Le fameux gestionnaire de fichiers se dote d’une barre latérale qui le fait largement ressembler au Finder de macOS. Il change également de comportement par défaut : clic simple pour la navigation et double-clic pour ouvrir des fichiers. On peut revenir à l’ancien, d’autant qu’elementary se servait du simple clic depuis des années pour ouvrir les fichiers. Selon l’équipe, cette décision a été prise après de nombreuses discussions avec la communauté.
Le panneau des notifications est, lui aussi, entièrement revisité et se veut beaucoup plus clair. Autre changement important, l’intégration de LibHandy, qui sera chargé de nombreuses interactions, notamment tout ce qui touche au tactile. Car oui, elementary OS est aussi conçu pour les machines hybrides.
Centre d’applications : la grande bascule vers Flatpak
C’est l’un des plus gros changements d’elementary OS 6 : le Centre d’applications ne propose plus que des flatpaks. Le kit de développement est intégré au système et les développeurs sont invités à proposer leurs créations dans ce format, qui fournit pour rappel l’ensemble des dépendantes, entre autres spécificités.
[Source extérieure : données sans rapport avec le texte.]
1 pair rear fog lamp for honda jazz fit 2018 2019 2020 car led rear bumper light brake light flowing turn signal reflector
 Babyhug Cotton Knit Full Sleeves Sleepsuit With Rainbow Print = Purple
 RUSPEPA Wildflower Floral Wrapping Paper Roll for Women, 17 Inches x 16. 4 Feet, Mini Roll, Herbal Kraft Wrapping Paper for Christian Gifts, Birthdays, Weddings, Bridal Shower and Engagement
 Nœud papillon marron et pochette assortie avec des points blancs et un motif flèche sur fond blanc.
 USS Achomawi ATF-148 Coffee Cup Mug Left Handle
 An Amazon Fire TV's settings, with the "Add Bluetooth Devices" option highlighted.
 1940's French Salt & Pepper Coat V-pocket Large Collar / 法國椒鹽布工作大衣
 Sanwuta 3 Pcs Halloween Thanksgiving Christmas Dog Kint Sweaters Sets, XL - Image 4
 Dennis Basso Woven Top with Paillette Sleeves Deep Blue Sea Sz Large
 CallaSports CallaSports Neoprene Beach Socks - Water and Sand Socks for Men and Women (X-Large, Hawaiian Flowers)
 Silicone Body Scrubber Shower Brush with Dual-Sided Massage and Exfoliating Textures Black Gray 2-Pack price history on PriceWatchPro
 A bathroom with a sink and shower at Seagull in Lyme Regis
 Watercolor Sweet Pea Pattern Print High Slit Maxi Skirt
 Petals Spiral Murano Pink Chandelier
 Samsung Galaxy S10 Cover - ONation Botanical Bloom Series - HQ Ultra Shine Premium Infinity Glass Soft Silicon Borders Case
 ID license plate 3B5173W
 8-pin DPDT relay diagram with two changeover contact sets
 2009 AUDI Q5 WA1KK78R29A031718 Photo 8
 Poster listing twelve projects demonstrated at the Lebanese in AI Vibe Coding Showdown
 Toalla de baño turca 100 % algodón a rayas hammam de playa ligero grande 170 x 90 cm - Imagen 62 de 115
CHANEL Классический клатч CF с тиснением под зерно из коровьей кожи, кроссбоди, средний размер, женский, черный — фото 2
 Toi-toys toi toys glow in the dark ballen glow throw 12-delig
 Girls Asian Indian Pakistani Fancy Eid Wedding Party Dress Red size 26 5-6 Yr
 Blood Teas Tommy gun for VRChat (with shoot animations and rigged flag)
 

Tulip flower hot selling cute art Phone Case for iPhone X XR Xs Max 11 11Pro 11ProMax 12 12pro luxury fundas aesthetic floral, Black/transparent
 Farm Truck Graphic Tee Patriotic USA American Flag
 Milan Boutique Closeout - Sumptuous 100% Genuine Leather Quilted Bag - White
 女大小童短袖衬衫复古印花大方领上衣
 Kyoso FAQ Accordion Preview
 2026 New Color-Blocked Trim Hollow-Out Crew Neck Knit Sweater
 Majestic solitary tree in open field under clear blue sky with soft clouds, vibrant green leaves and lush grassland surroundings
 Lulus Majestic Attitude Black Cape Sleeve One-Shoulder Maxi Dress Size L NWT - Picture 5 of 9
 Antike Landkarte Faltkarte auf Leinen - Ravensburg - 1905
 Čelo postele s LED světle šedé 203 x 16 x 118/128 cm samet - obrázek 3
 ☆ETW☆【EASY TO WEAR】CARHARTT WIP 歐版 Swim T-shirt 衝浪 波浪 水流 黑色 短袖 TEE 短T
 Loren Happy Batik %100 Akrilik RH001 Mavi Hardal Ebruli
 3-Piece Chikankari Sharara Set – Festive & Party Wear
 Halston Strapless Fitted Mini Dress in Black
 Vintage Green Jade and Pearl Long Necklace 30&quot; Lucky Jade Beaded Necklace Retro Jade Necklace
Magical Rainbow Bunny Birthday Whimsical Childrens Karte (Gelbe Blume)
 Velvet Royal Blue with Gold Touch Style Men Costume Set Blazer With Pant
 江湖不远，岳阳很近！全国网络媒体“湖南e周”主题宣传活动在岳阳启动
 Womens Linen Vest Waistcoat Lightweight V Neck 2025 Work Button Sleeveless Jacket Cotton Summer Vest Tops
Le cadriciel de publication est cependant toujours en développement, il faudra donc attendre avant de les proposer. La bascule est osée, mais puisque le format de paquet rencontre un succès grandissant (poussé notamment par Fedora), le changement pourrait être bénéfique pour elementary OS. Tout sera prêt d'ici à la version finale, et il vaudrait mieux, car le Centre d’applications est pour l’instant assez vide.
En effet, si la catégorie Internet propose des applications courantes comme Firefox et Thunderbird, d’autres sont tout simplement vides de tout prétendant. Dans Bureautique par exemple, on ne trouve ni LibreOffice ni même aucune suite. La situation s’améliorera bien sûr au cours des mois.
On attendra donc de voir comment la boutique – qui mélange applications libres et payantes - se remplira et à quel rythme les développeurs s’adapteront. En attendant, l’équipe recommande de se familiariser avec les mécanismes de Flatpak, dont le manifeste, et d’effectuer des tests locaux.
Sous le capot, de nombreuses évolutions de la plateforme
Les développeurs ont du travail avec le nouveau système, car l’équipe annonce d’emblée que de nombreux pans ont évolué. La modernisation des notifications passe ainsi par un nouveau serveur dont il faudra vérifier la compatibilité dans les applications. Lorsque l’écran passe en veille, la diffusion audio peut – enfin – se poursuivre.
Bien sûr, passer à une base Ubuntu 20.04 entraîne l’arrivée du noyau Linux 5.8. Même s’il ne s’agit pas d’une version très récente, les avantages en matière de support du matériel sont clairs.
Toutes les lignes directrices concernant l’interface ont été mises à jour et placées dans de nouveaux documents sur Gitbook. Là encore, l’équipe recommande chaudement aux développeurs de s’y référer. Par exemple, l’ajout d’un thème central offre de nouvelles capacités aux applications, qui pourront choisir de s’y référer ou pas. Elles pourront ainsi s’adapter automatiquement au réglage central défini par l’utilisateur. Si le thème sombre doit s’activer au coucher du soleil, les applications tierces suivront.
À destination toujours des développeurs, l’équipe d’elementary OS rappelle qu’une bêta signifie pour elle que les API proposées sont stables. Manque l’inévitable période de peaufinage, mais l’essentiel est là.
Nous suivrons de près l’avancée de cette v6 et vous tiendrons informés de son évolution. En l’état, la bêta intéressera surtout les développeurs. Côté utilisateurs, nous vous recommandons d’attendre la seconde, voire la Release Candidate pour se faire une idée du système, surtout si vous ne l’avez jamais testé.